Stored data:
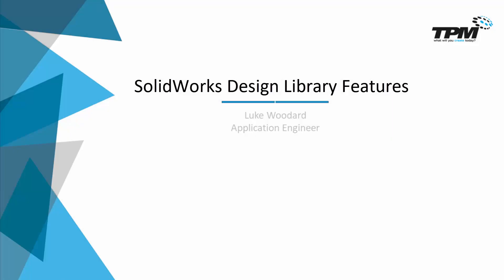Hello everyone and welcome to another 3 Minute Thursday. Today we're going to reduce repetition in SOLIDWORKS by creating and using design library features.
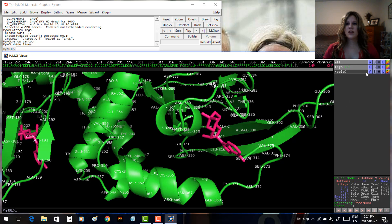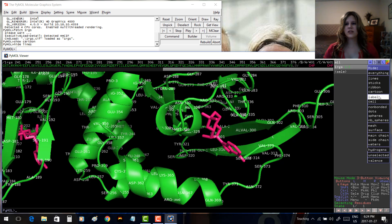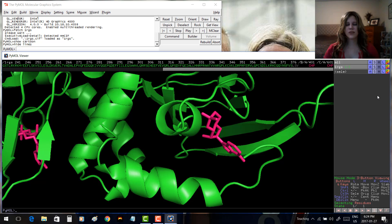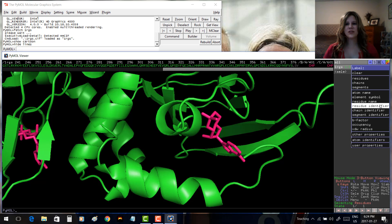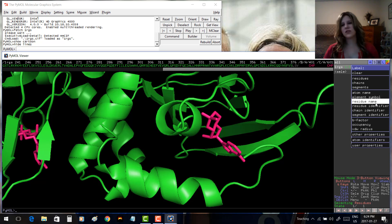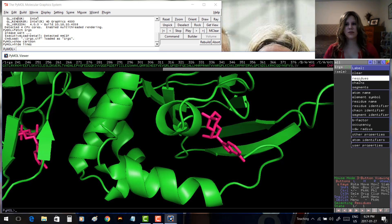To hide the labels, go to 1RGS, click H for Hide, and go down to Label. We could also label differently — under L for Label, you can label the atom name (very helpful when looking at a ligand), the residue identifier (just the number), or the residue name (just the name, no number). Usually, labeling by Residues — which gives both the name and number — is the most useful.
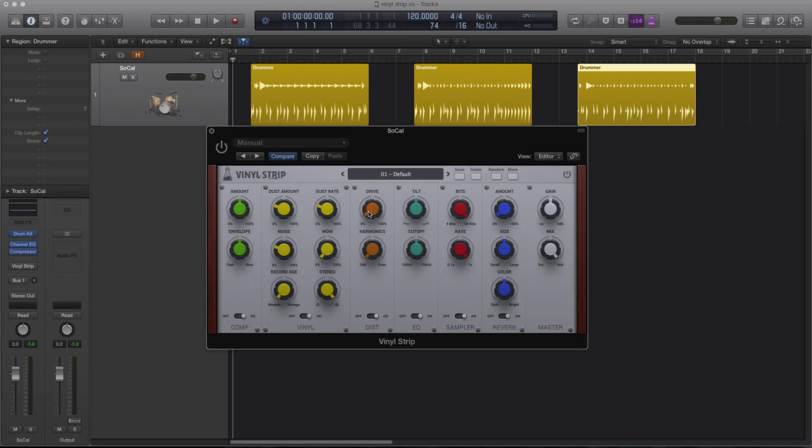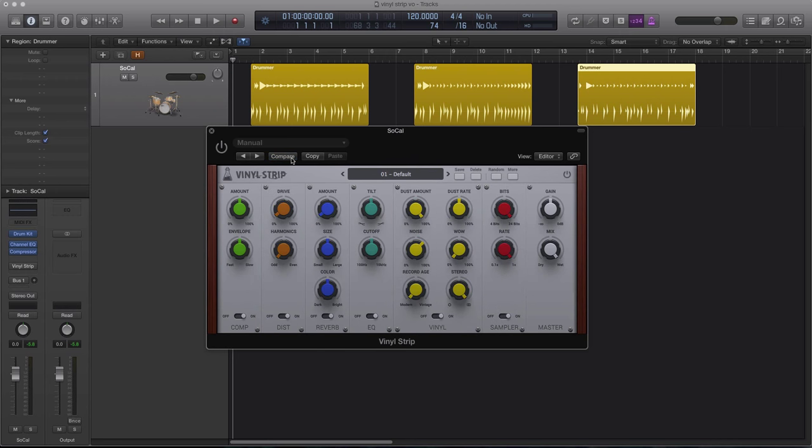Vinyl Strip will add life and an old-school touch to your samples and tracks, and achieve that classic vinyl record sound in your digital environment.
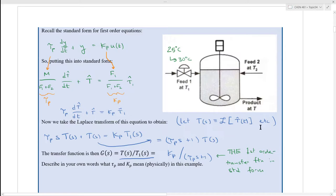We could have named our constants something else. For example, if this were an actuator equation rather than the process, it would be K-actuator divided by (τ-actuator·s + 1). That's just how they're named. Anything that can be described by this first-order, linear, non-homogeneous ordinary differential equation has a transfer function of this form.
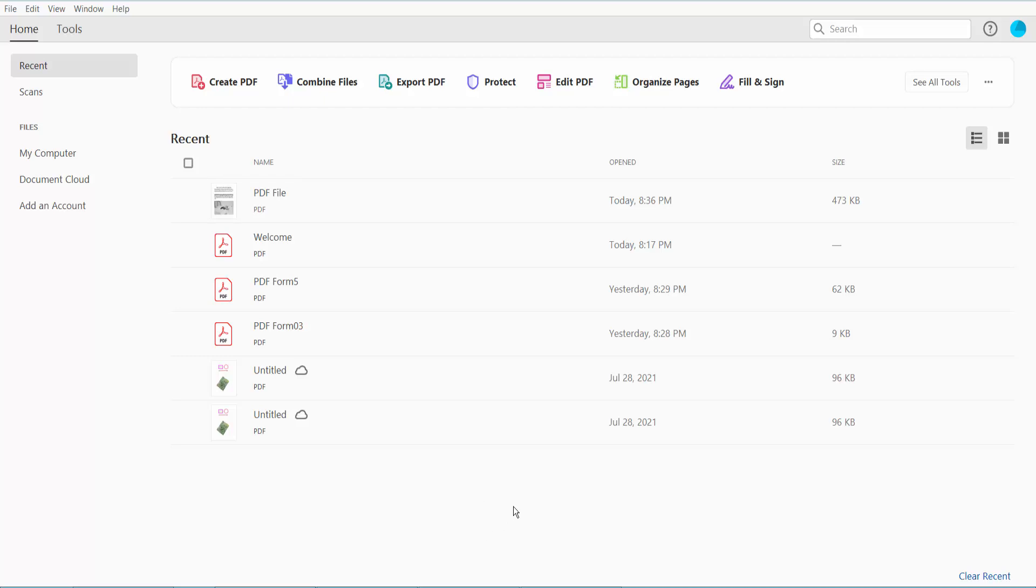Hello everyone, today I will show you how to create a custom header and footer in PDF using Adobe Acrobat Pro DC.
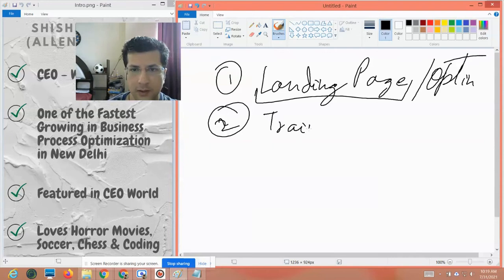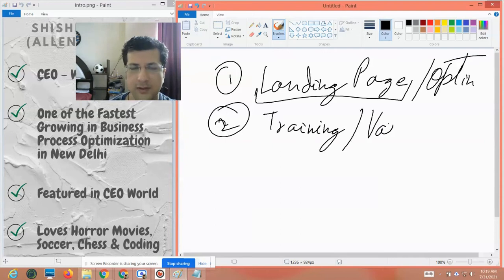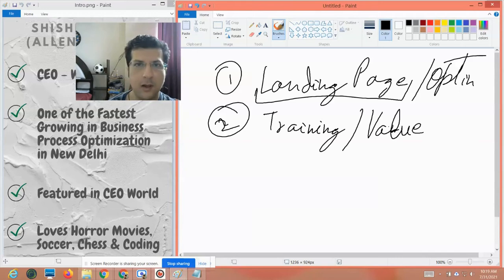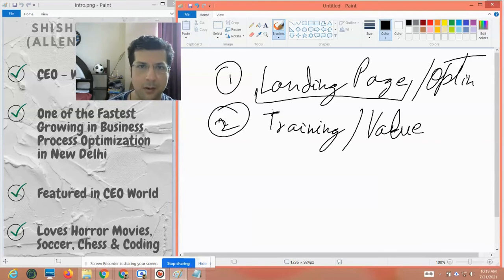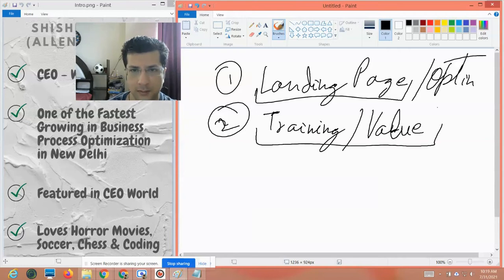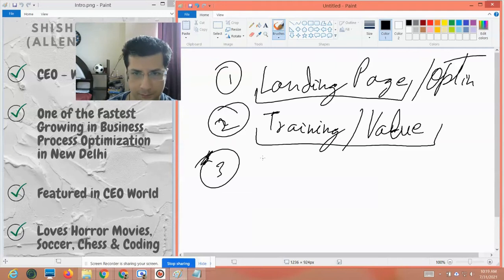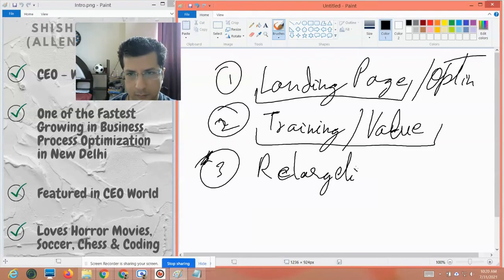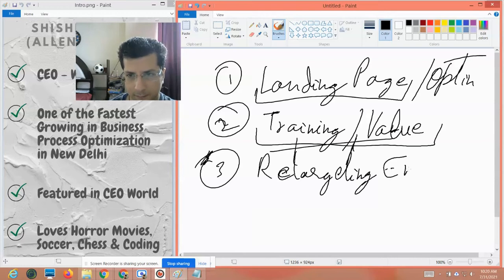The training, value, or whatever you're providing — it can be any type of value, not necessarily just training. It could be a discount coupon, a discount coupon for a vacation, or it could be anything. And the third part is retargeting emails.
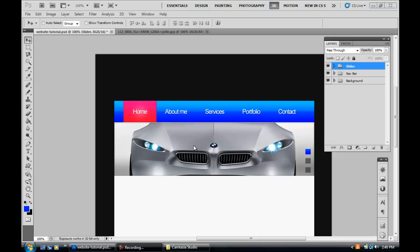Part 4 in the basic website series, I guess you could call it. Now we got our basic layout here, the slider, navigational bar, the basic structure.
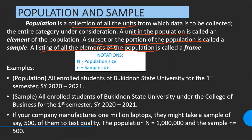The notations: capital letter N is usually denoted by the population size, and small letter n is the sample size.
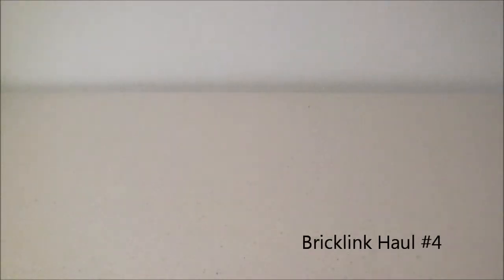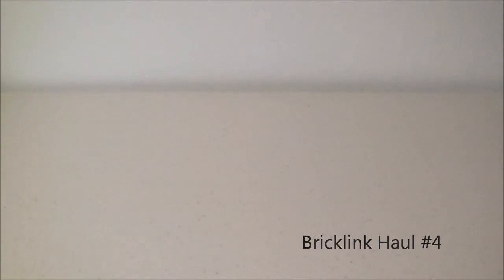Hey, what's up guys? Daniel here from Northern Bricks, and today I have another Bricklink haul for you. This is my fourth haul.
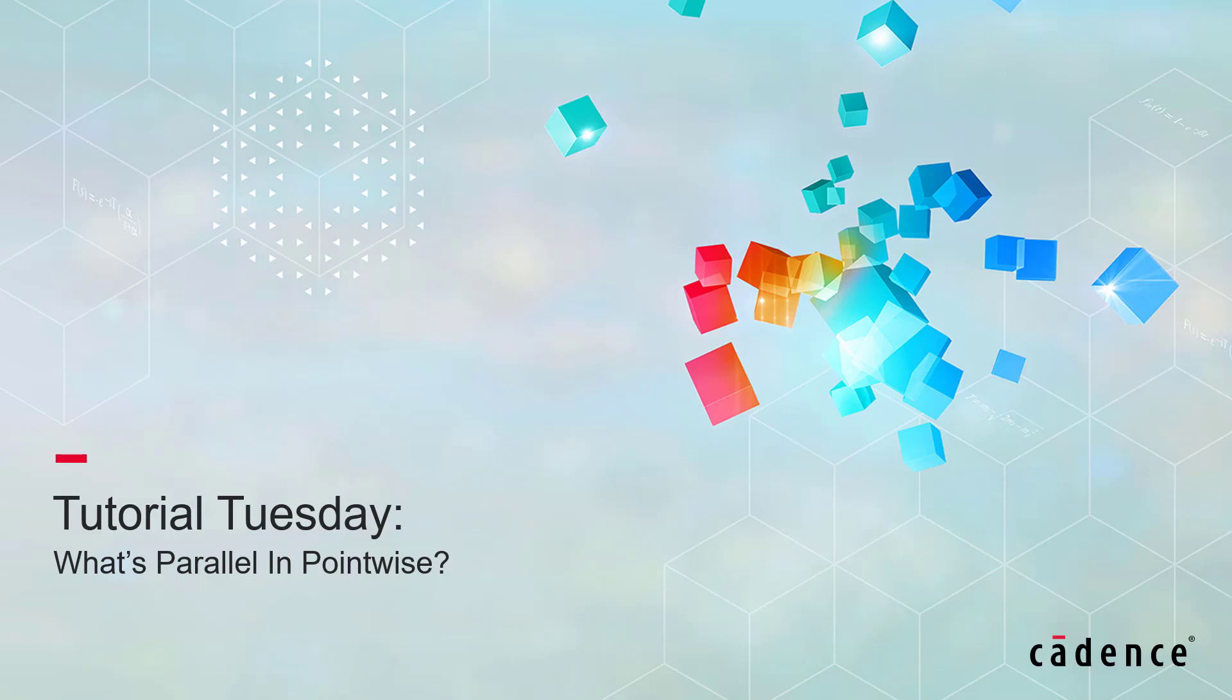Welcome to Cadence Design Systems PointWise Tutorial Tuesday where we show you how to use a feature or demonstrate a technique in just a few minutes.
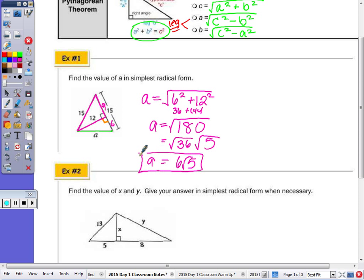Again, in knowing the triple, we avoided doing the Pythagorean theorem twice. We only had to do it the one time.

What to do: An exact copy is required of the lines from the start of the records above through the line with "Vinyl Strip will", and only those, without any pictures.

Written solution:
Hello everyone and welcome to another 3 Minute Thursday. Today we're going to reduce repetition in SOLIDWORKS by creating and using design library features.
To hide the labels, go to 1RGS, click H for Hide, and go down to Label. We could also label differently — under L for Label, you can label the atom name (very helpful when looking at a ligand), the residue identifier (just the number), or the residue name (just the name, no number). Usually, labeling by Residues — which gives both the name and number — is the most useful.
Vinyl Strip will add life and an old-school touch to your samples and tracks, and achieve that classic vinyl record sound in your digital environment.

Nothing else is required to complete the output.